Chlorethylclonidine (CEC) inactivation has been used as one criterion to subclassify the alpha1-adrenoceptors (AR); however, the extent of CEC inactivation can vary depending on the CEC treatment. By constructing the FLAG-tagged (N-terminus) and green fluorescent protein (GFP)-fused (C-terminus) alpha1-ARs, we have determined the relationship between CEC sensitivity and the cellular localization of alpha1-AR subtypes using COS-7 cells. In GFP-expressing cells, flow cytometry analysis with anti-FLAG N-terminus antibody detected strong fluorescent signals in most of alpha1B-AR-expressing cells, but low signals in alpha1A-AR-expressing cells. Further examination with confocal microscopy showed that fluorescent signals densely localized intra-cellularly in alpha1A-AR-expressing cells, while most of alpha1B-AR localized on the cell surface. Furthermore, radioligand binding studies with [125I]HEAT showed that CEC (10 microM) treatment of intact cells inactivated approximately 30-40% of alpha1A-AR and >90% of alpha1B-AR, while the CEC treatment of membrane preparations resulted in >80% decrease in the alpha1A-AR density and >90% of alpha1B-AR density, respectively. The results showed that the hydrophilic alkylating agent CEC inactivated only alpha1-AR on the cell surface irrespective of its subtype, and that the subtype-specific sorting is a major determinant for CEC inactivation of alpha1-AR. Subtype-specific cellular localization suggests a new class of functional properties that may explain the signal and functional diversity of homologous alpha1-AR (as well as other G protein-coupled receptors) subtypes.
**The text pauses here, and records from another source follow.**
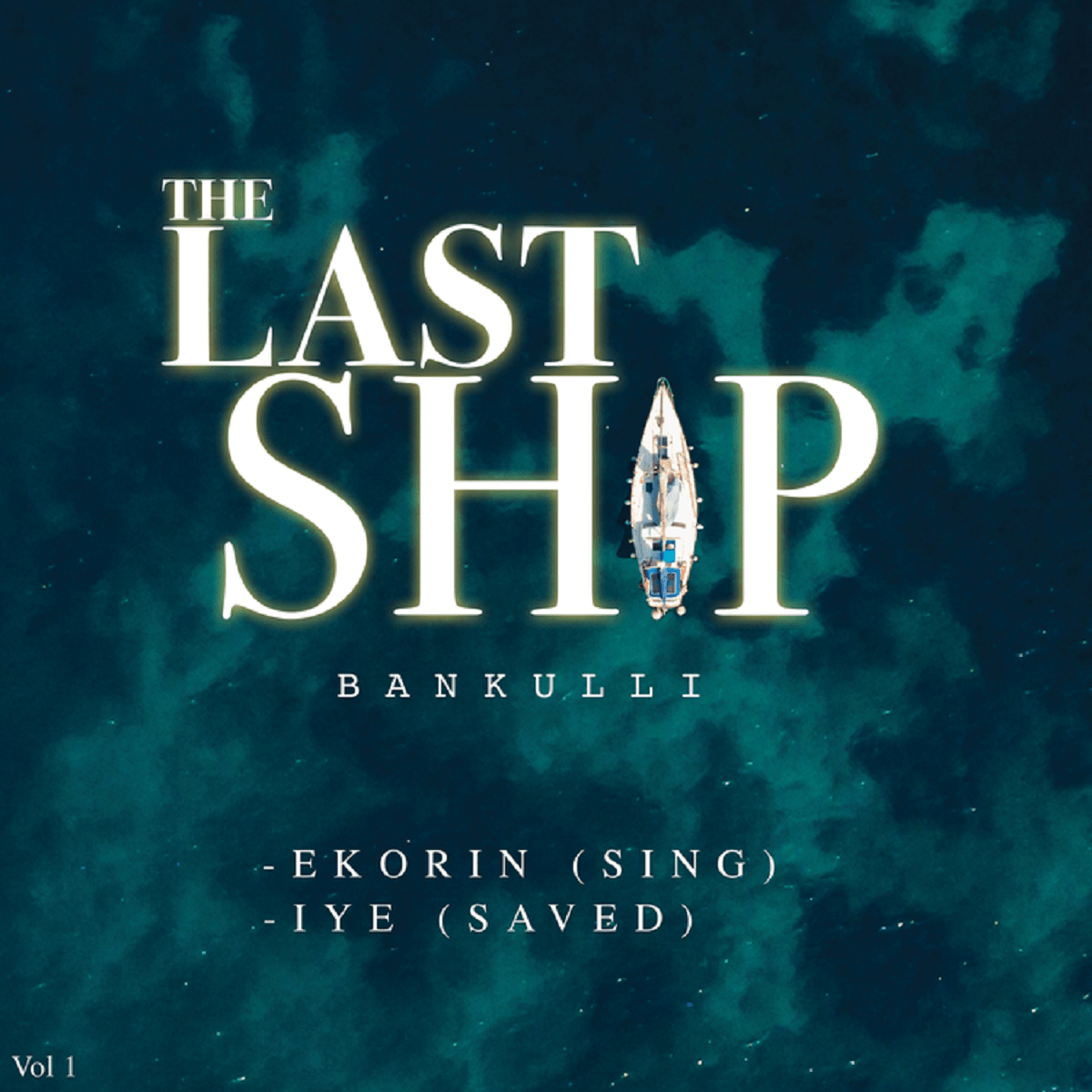 Bankuli The Last Ship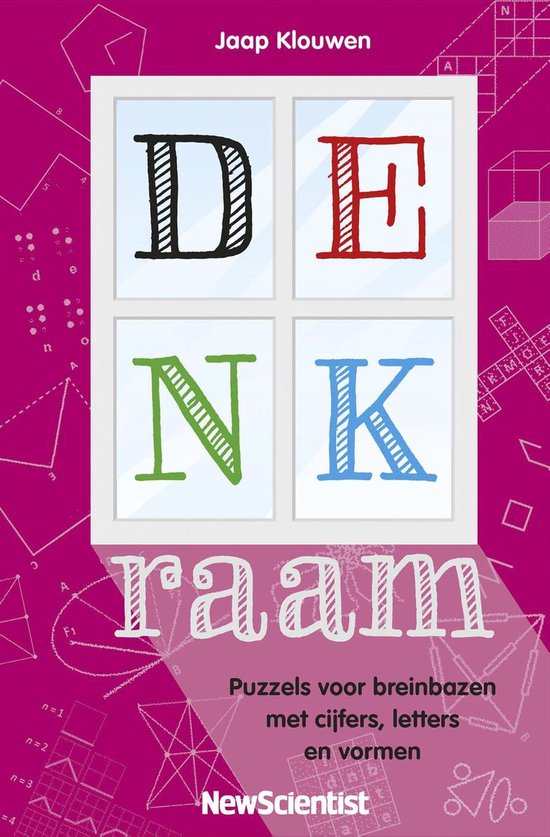 Denkraam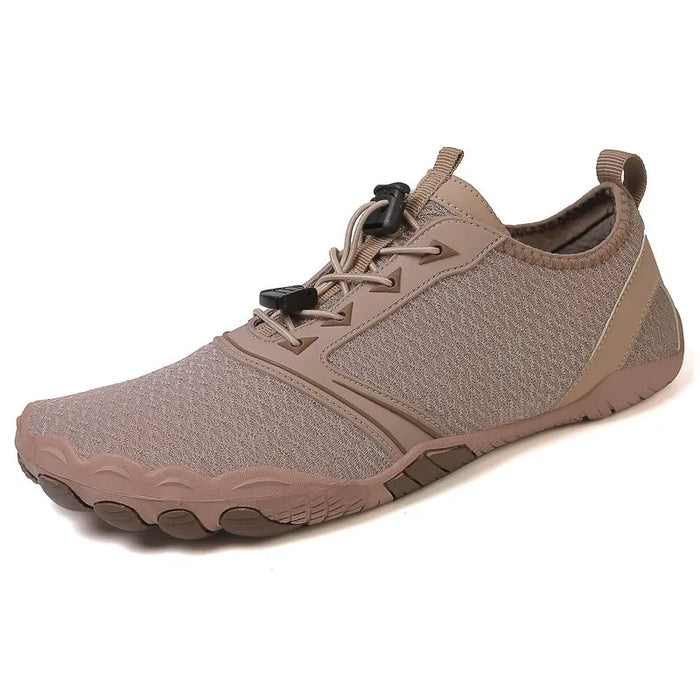 Women's Barefoot Trainers Lightweight Flexible Slip-On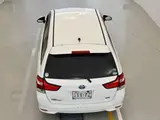 2019 Toyota Corolla Fielder hybrid White Van for sale, Japanese used car export - photo 12 of 12 | GULJI TRADERS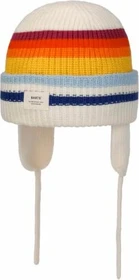 Barts Falcony Earflap Beanie orange (Damen)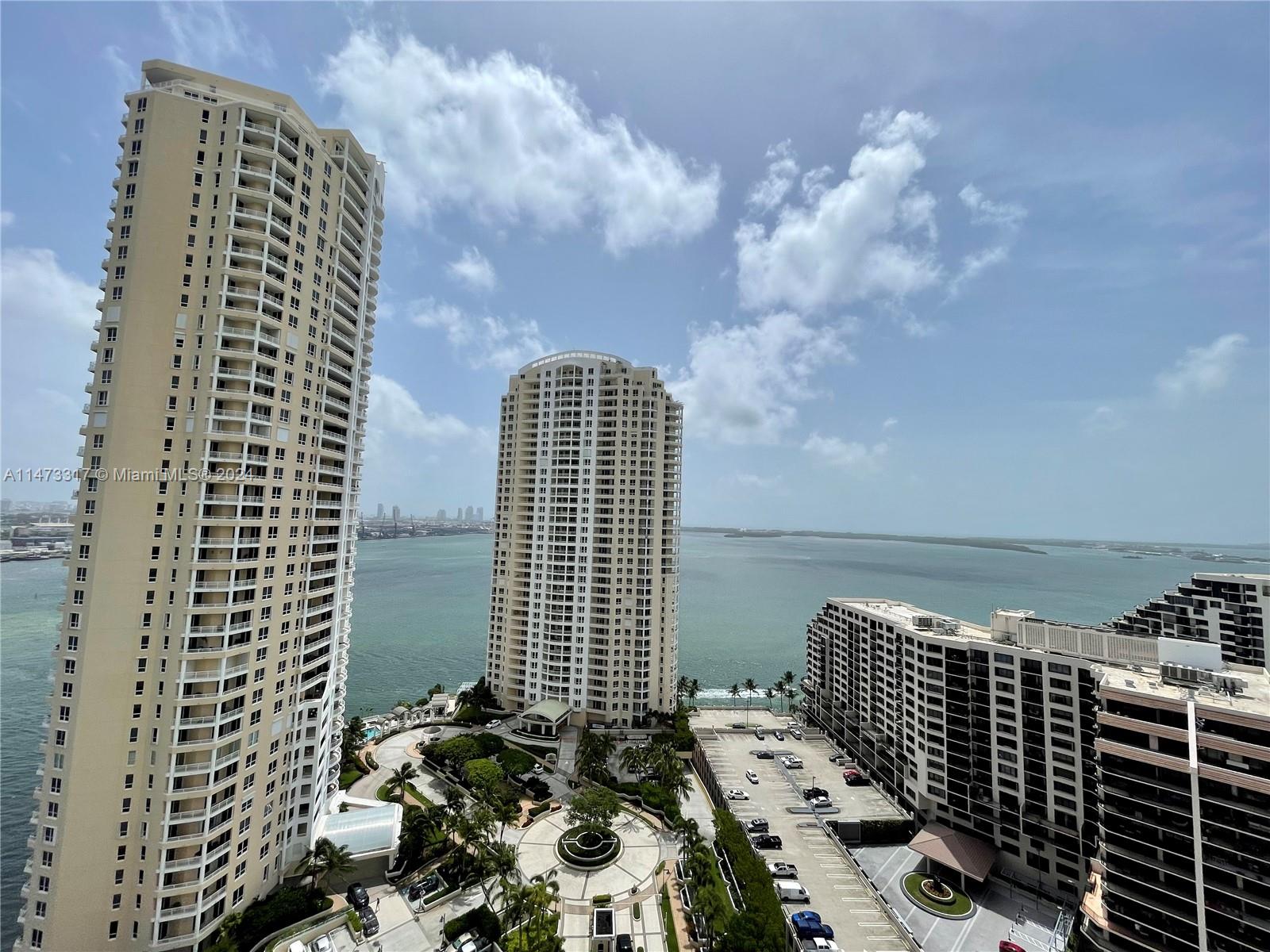 888 Brickell Key Dr # 2605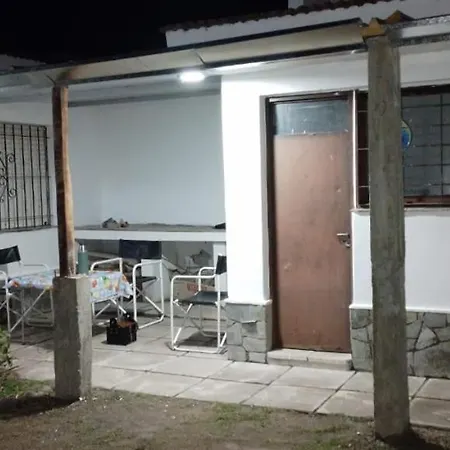 Refugio Amaicha Apartment Embalse Exterior photo
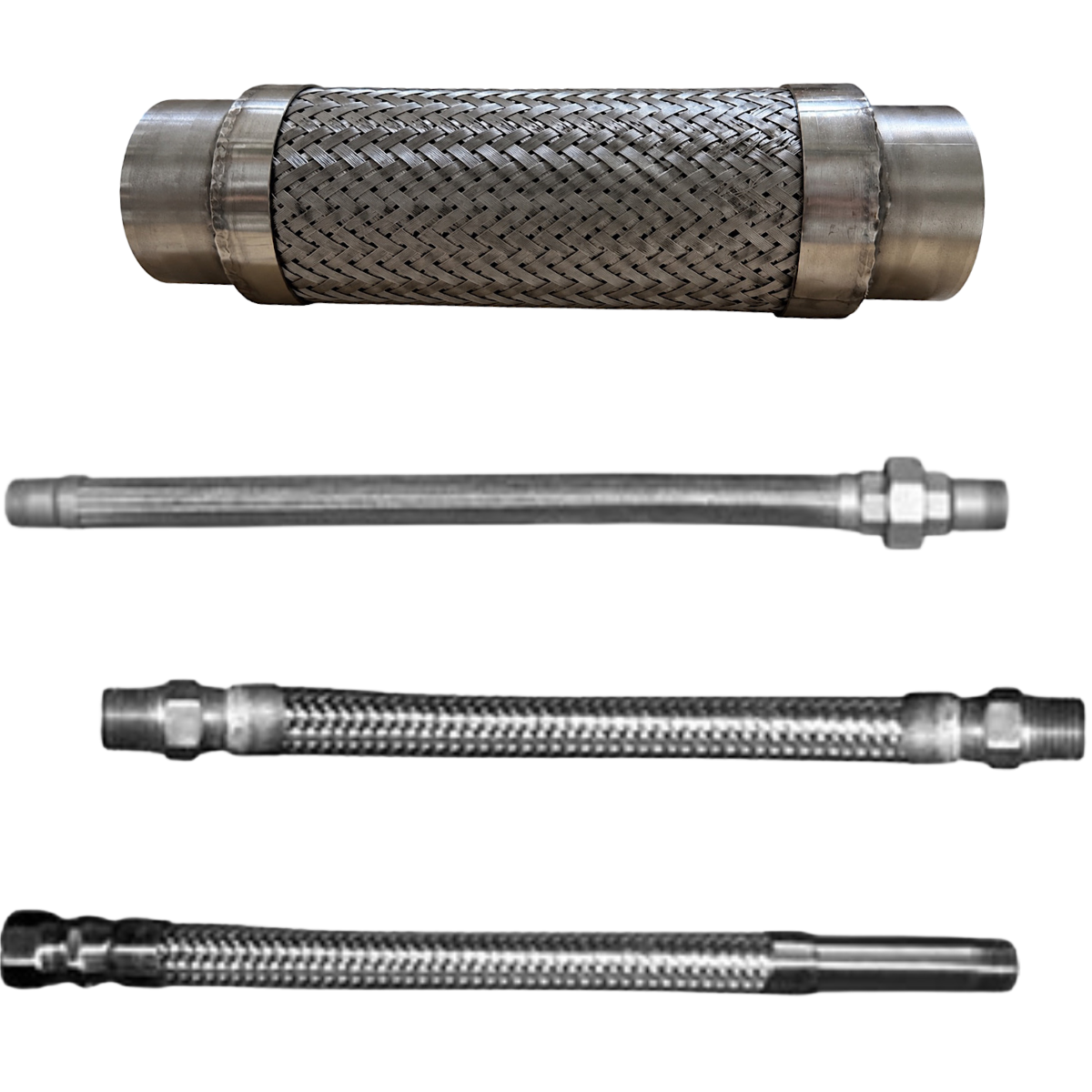 Specialty End Connections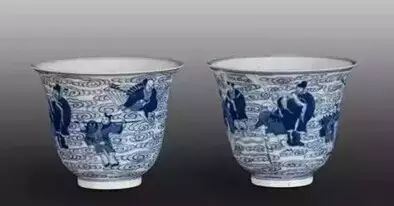 The Bell Cup for Tea, Awaken Your Small but Certain Happiness-3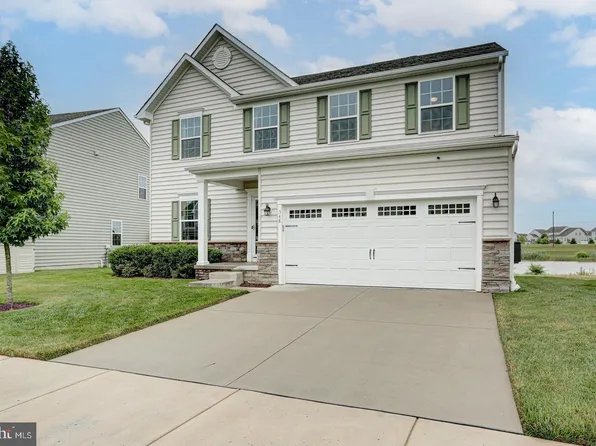 548 Swansea Dr, Middletown, DE 19709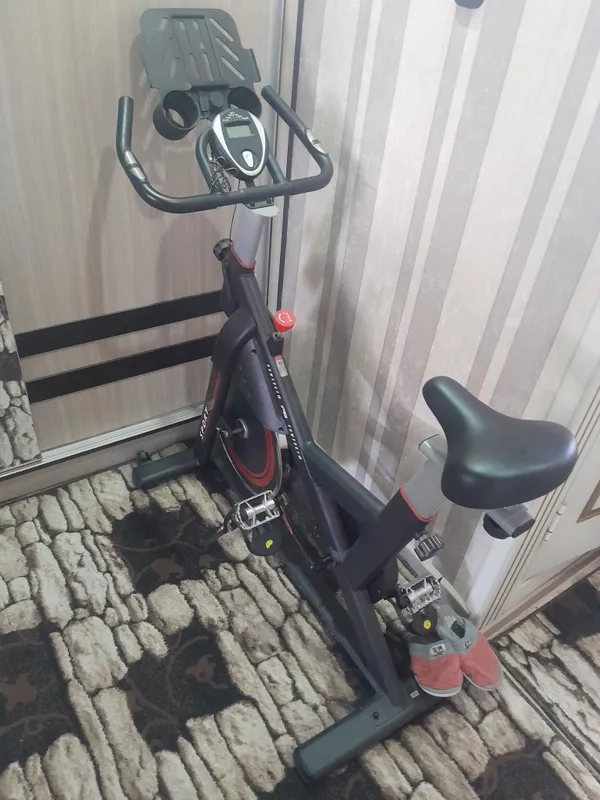 Velotrenajor 150 kg lik kotaradigan Original ideal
机译:氯乙基可乐定(CEC)失活已被用作对α1-肾上腺素能受体(AR)进行亚分类的标准。但是,CEC灭活的程度可能会因CEC治疗而异。通过构建标记FLAG(N末端)和绿色荧光蛋白(GFP)融合(C末端)的alpha1-ARs,我们已经确定了COS-7使用COS-7的CEC敏感性与alpha1-AR亚型细胞定位之间的关系。细胞。在表达GFP的细胞中,用抗FLAG N末端抗体进行的流式细胞仪分析在大多数表达alpha1B-AR的细胞中检测到强荧光信号,但是在表达alpha1A-AR的细胞中检测到低信号。共聚焦显微镜的进一步检查表明,荧光信号密集地定位在表达α1A-AR的细胞内,而大多数α1B-AR则定位在细胞表面。此外,用[125I] HEAT进行的放射性配体结合研究表明,完整细胞的CEC(10 microM)处理可灭活约30-40%的alpha1A-AR和> 90%的alpha1B-AR,而膜制剂的CEC处理可导致> alpha1A-AR密度分别降低了80%,而alpha1B-AR密度则降低了90%以上。结果表明,亲水性烷基化剂CEC不管其亚型都仅使细胞表面的alpha1-AR失活,并且亚型特异性分选是α1-AR的CEC失活的主要决定因素。亚型特异性细胞定位表明一类新的功能特性,可以解释同源的α1-AR(以及其他G蛋白偶联受体)亚型的信号和功能多样性。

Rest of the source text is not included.